A 14mm is a 14mm, if you are ok with a fixed focal length then it gets great reviews. But the 16-35 has alot of zoom range when you go from end to end while looking through the viewfinder, which may be a big benefactor in framing in your shot. I own a 16-35 (haven't had it long) and think it is a great lens, and is versatile being that it is both pretty sharp and can zoom. My personal opinion is go with the 16-35, 14 is very wide.


----------



## Axilrod (Apr 30, 2012)

Unless you're stacking multiple images the f/4 aperture of the 17-40 is going to hurt you for sure. It also kinda depends on where you live, don't expect to see much in the pictures if you live anywhere close to a major city, you really have to go somewhere incredibly dark. Either way both the 16-35 and 14L are great lenses, it just all depends on your situation. The 14L is $600 more than the 16-35mm and can feel a little too wide at times. It's definitely more of a specialty lens compared to the 16-35, but it's very sharp and ridiculously wide. I only bought the 14mm because I got an exceptionally good deal on it, but the 16-35 is still a great lens and well-suited for astrophotography, the f/2.8 will help quite a bit. I'd go for the 16-35, I don't know anyone that isn't happy with that lens.


----------



## peederj (Apr 30, 2012)

But the narrower DOF is just going to be sharp on a few light years' worth of stars!


----------



## epsiloneri (Apr 30, 2012)

*Lenses to shoot the Milky Way: Go with the EF 15/2.8 FE*

I'd definitely go with the EF 15/2.8 fisheye if you can find it, it is much cheaper and lighter than the EF 14/2.8L II (I have both), similar IQ, and better suited for the milky way, IMO. Great for northern lights, too. The f/2.8 instead of f/4.0 is important. Of course, it is a fisheye so special purpose, but the EF 14/2.8 is also extremely wide and about as special I would say. Most important is to find as dark skies as possible however, and from your travel plan it seems you can get away from artificial lights, which is great. But you said you're going in the middle of the summer, meaning the night will be short, so you'll have to make sure to get the stars during the darkest hour.


----------



## tron (Apr 30, 2012)

You will have to try to focus on a bright star and then put it to manual focus since on Canon lenses focusing to infinity is a problem.
Doable but annoying...
I have used a 16-35mm f/2.8 version 1 for exactly the same purpose. It had such comma at the edges that I had to crop. 

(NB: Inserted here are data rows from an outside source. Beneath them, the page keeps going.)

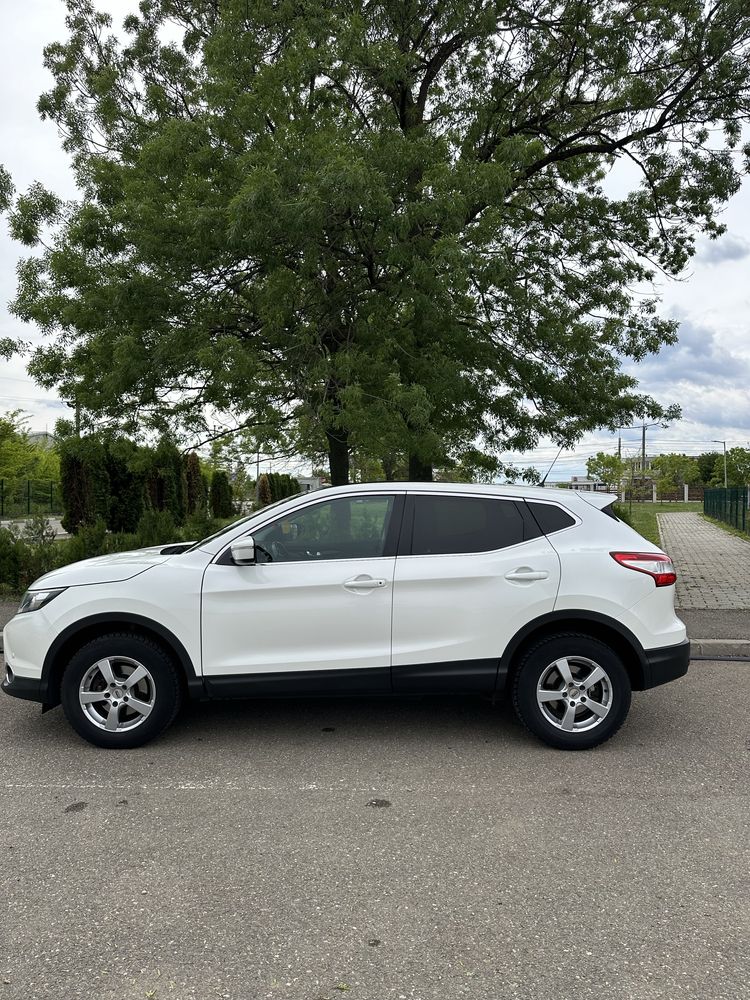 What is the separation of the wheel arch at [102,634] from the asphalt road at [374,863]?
42 centimetres

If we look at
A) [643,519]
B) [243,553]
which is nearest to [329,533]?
[243,553]

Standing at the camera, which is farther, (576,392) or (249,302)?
(576,392)

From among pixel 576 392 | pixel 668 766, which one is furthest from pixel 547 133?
pixel 668 766

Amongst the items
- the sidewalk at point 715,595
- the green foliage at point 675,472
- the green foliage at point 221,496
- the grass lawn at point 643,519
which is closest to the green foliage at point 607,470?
the grass lawn at point 643,519

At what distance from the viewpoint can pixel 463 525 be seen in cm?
490

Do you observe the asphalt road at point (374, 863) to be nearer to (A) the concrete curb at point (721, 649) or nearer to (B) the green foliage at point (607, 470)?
(A) the concrete curb at point (721, 649)

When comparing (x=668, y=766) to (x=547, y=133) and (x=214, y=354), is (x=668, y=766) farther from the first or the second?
(x=547, y=133)

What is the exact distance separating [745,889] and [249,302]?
8.95 meters

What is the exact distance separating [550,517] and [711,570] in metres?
10.3

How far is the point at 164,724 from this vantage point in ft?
15.4

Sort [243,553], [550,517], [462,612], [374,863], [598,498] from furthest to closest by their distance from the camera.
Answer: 1. [598,498]
2. [550,517]
3. [462,612]
4. [243,553]
5. [374,863]

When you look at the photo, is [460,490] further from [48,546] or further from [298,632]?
[48,546]

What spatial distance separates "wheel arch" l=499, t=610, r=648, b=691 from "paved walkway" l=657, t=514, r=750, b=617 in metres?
5.19

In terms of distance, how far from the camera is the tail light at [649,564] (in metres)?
4.74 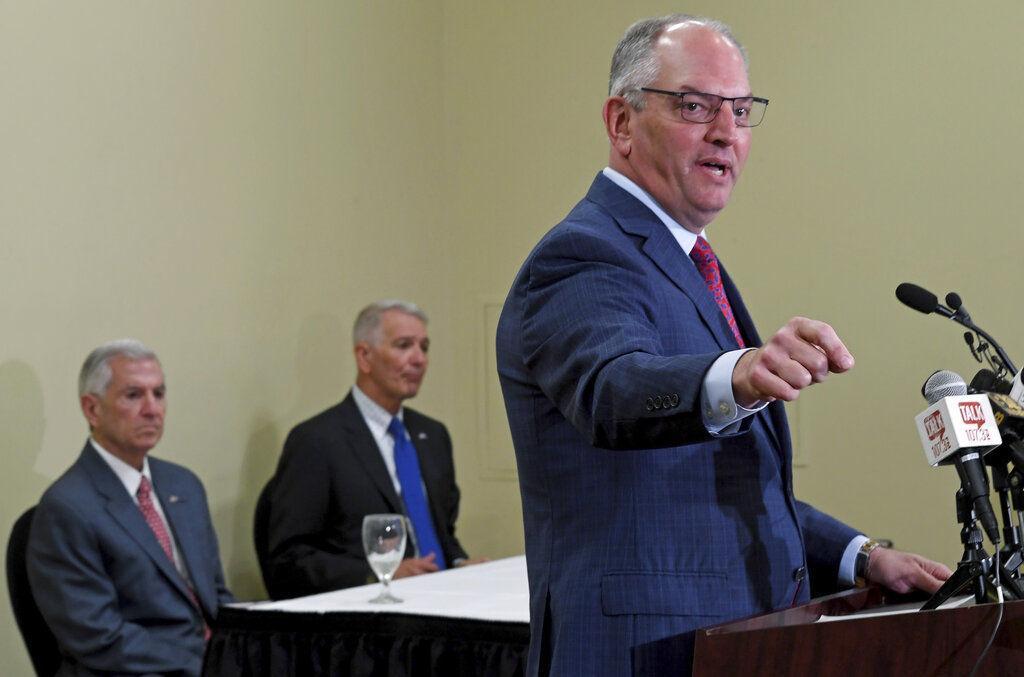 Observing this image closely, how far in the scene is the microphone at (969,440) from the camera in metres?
1.64

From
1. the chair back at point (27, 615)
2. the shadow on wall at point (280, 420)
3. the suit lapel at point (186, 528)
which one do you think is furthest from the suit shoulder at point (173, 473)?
the shadow on wall at point (280, 420)

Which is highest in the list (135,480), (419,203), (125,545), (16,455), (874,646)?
(419,203)

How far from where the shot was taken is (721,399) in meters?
Result: 1.53

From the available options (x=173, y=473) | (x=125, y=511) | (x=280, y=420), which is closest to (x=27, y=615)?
A: (x=125, y=511)

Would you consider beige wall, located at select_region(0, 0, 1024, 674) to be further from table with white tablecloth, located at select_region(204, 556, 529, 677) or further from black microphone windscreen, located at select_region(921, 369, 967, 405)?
black microphone windscreen, located at select_region(921, 369, 967, 405)

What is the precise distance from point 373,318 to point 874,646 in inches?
177

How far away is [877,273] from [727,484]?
15.1 feet

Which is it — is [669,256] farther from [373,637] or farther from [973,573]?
[373,637]

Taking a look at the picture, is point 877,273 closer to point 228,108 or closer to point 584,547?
point 228,108

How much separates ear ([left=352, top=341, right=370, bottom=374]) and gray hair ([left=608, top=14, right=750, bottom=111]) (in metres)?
3.78

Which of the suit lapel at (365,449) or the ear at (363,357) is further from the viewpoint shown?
the ear at (363,357)

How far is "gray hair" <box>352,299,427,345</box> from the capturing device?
581 centimetres

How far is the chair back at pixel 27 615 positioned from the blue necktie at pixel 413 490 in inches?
67.1

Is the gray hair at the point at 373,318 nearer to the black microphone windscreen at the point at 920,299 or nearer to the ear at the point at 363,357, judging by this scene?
the ear at the point at 363,357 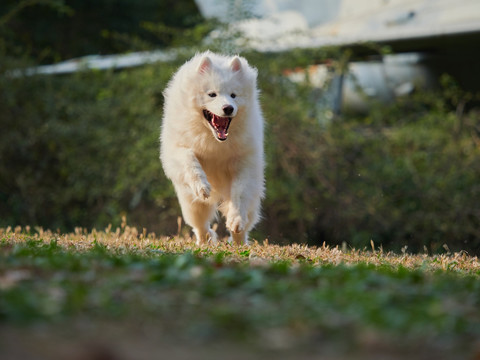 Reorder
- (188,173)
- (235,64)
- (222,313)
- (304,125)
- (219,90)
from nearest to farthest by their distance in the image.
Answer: (222,313)
(188,173)
(219,90)
(235,64)
(304,125)

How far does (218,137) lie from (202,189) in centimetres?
51

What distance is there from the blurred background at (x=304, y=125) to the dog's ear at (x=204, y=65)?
4.21m

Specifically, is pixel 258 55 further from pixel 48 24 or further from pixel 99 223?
pixel 48 24

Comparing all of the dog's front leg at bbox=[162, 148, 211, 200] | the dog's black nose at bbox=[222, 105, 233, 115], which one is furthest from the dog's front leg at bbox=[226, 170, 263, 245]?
the dog's black nose at bbox=[222, 105, 233, 115]

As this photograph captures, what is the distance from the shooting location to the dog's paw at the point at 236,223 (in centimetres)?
638

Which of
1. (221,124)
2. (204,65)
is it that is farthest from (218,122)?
(204,65)

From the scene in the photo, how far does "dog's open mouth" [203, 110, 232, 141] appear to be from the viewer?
643 centimetres

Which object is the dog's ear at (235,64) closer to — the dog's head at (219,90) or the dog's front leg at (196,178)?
the dog's head at (219,90)

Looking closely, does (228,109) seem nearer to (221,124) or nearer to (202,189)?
(221,124)

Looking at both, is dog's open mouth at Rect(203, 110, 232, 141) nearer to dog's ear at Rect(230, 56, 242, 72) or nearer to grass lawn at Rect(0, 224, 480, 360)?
dog's ear at Rect(230, 56, 242, 72)

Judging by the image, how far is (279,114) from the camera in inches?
437

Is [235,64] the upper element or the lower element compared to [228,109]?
upper

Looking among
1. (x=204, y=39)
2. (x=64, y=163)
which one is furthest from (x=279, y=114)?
(x=64, y=163)

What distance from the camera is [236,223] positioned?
6.38m
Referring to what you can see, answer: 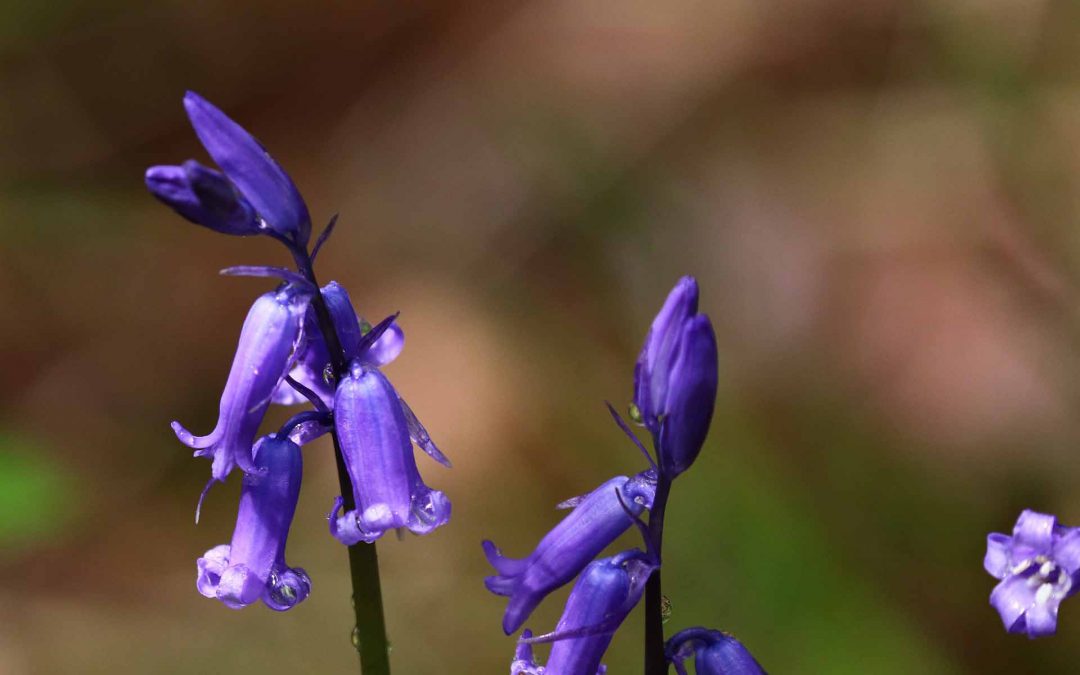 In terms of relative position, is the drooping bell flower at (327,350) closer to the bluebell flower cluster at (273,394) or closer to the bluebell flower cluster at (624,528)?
the bluebell flower cluster at (273,394)

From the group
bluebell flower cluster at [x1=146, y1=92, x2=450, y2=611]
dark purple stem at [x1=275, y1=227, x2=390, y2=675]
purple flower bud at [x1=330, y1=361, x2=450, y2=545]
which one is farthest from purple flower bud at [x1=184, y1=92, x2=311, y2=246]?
purple flower bud at [x1=330, y1=361, x2=450, y2=545]

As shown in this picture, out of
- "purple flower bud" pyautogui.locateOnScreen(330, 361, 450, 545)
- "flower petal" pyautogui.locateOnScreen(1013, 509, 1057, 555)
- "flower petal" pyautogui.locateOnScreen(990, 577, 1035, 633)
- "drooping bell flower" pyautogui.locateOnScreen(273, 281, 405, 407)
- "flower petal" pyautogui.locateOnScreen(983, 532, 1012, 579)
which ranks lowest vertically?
"flower petal" pyautogui.locateOnScreen(990, 577, 1035, 633)

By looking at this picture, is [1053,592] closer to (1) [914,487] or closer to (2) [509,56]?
(1) [914,487]

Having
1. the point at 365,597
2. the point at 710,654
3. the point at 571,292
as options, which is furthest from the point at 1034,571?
the point at 571,292

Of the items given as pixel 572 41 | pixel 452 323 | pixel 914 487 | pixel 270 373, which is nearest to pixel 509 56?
pixel 572 41

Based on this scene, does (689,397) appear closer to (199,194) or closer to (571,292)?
(199,194)

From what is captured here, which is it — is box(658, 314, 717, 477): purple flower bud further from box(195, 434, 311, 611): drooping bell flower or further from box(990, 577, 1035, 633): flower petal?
box(195, 434, 311, 611): drooping bell flower

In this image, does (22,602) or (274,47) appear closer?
(22,602) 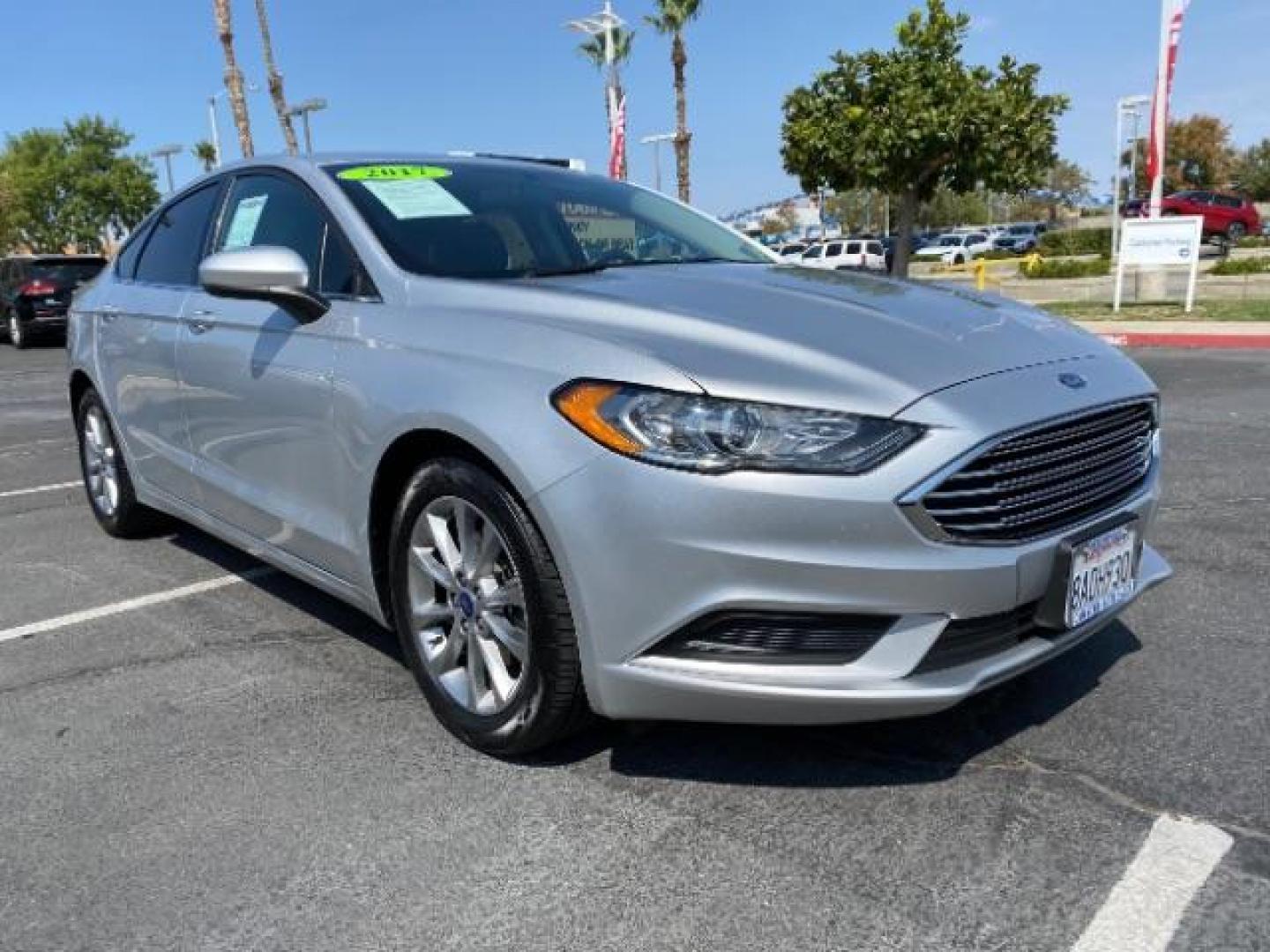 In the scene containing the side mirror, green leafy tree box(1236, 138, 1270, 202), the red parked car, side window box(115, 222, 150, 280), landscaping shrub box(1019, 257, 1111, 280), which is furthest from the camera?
green leafy tree box(1236, 138, 1270, 202)

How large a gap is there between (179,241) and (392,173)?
4.61 feet

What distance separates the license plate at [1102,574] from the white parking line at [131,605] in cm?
332

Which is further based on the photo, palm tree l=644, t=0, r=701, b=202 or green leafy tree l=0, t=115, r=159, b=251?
green leafy tree l=0, t=115, r=159, b=251

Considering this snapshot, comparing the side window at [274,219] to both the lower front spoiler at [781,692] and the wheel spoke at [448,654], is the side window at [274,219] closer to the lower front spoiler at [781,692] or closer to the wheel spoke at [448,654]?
the wheel spoke at [448,654]

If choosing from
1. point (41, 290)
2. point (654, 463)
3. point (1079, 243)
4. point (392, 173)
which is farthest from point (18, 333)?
point (1079, 243)

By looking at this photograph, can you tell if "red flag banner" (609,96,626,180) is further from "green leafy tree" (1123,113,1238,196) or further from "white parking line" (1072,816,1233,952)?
"green leafy tree" (1123,113,1238,196)

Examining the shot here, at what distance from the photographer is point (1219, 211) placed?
34500mm

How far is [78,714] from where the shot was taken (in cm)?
325

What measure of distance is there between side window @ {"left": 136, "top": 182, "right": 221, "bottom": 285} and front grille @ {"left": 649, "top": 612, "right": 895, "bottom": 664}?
2.83 metres

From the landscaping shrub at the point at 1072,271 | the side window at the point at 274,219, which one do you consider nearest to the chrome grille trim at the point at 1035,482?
the side window at the point at 274,219

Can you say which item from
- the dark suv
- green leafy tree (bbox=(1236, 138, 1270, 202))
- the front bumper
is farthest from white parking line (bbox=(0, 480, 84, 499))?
green leafy tree (bbox=(1236, 138, 1270, 202))

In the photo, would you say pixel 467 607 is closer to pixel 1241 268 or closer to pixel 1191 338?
pixel 1191 338

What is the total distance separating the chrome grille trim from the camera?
7.50 feet

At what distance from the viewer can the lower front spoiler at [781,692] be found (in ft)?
7.57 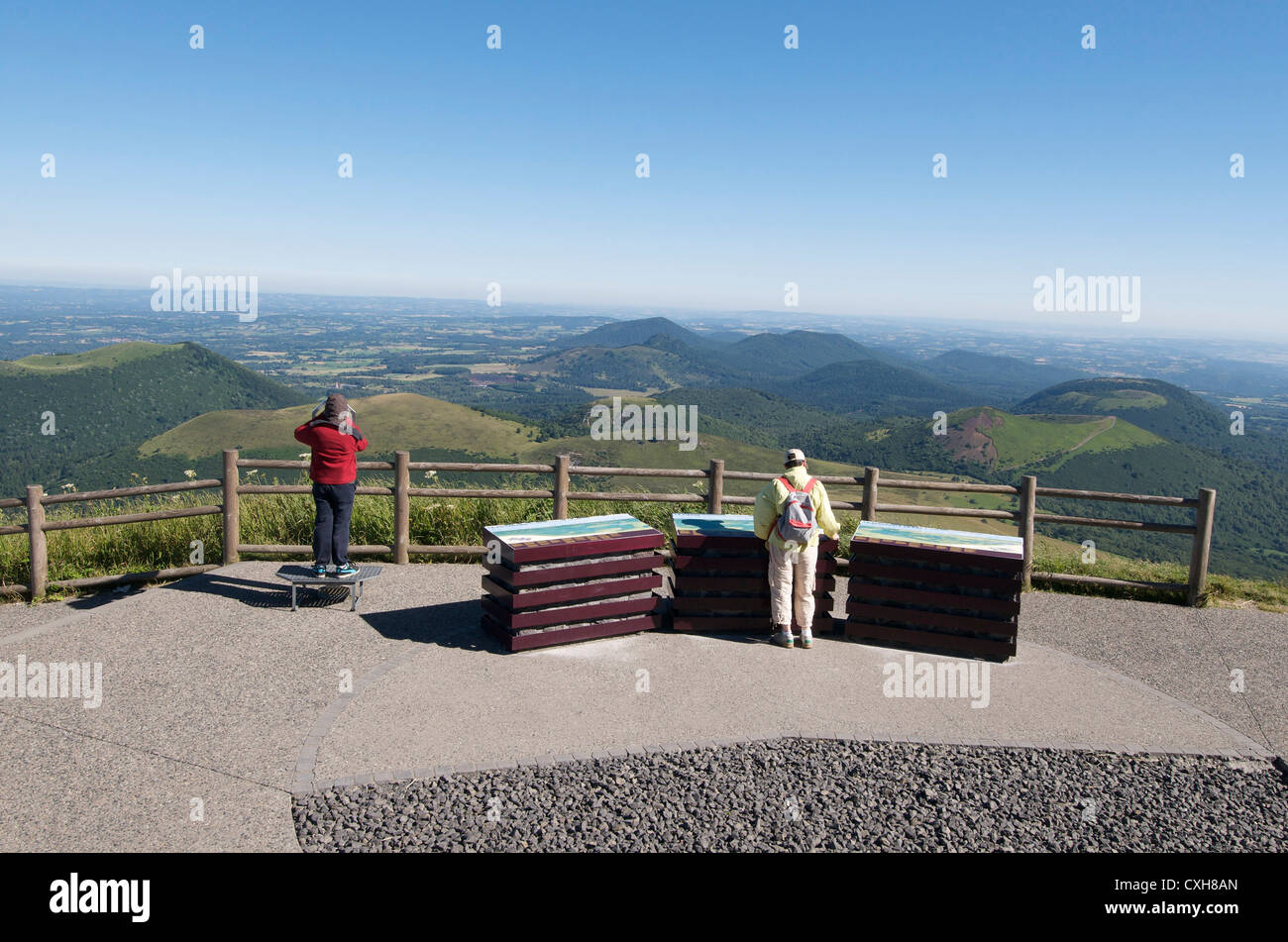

In addition even 2.8 is not enough if you dream of low ISOs. I used astrotrac and I was able to use shutter speeds of up to 8minutes (ISO was set to 400 and 800)


----------



## tron (Apr 30, 2012)

Other lens choices could be:

1. a Zeiss 21mm f/2.8 (I have one, it is very good and no more focusing to infinity problems).
2. a Canon 24mm f/1.4L II


----------



## aznable (Apr 30, 2012)

just take a look to the exif of photos of milky way...it's seems that everyone is using 2.8 high iso with long exposure time, su bumping to f/4.0 would force you to double the iso to get the same quantity of light.

both the lenes you want to try are sharper than 17-40 anyway but they costs a lot


----------



## NWPhil (Apr 30, 2012)

look at this first:

http://www.photokaboom.com/photography/learn/tips/121_stars_star_trails.htm


----------



## dpayne1 (Apr 30, 2012)

I would also recommend the Sigma 15mm f2.8 fisheye. At ~$600 it is much cheaper than the Canon 14mm.
See a recent shot here:
http://www.flickr.com/photos/dpayne1/7103879039/#in/photostream/lightbox/

I also use the Tokina 16-28 f2.8 
http://www.flickr.com/photos/dpayne1/6275856418/#in/set-72157622598215723/lightbox/

and the Canon 24mm f1.4
http://www.flickr.com/photos/dpayne1/5274394251/#in/set-72157622598215723/lightbox/


----------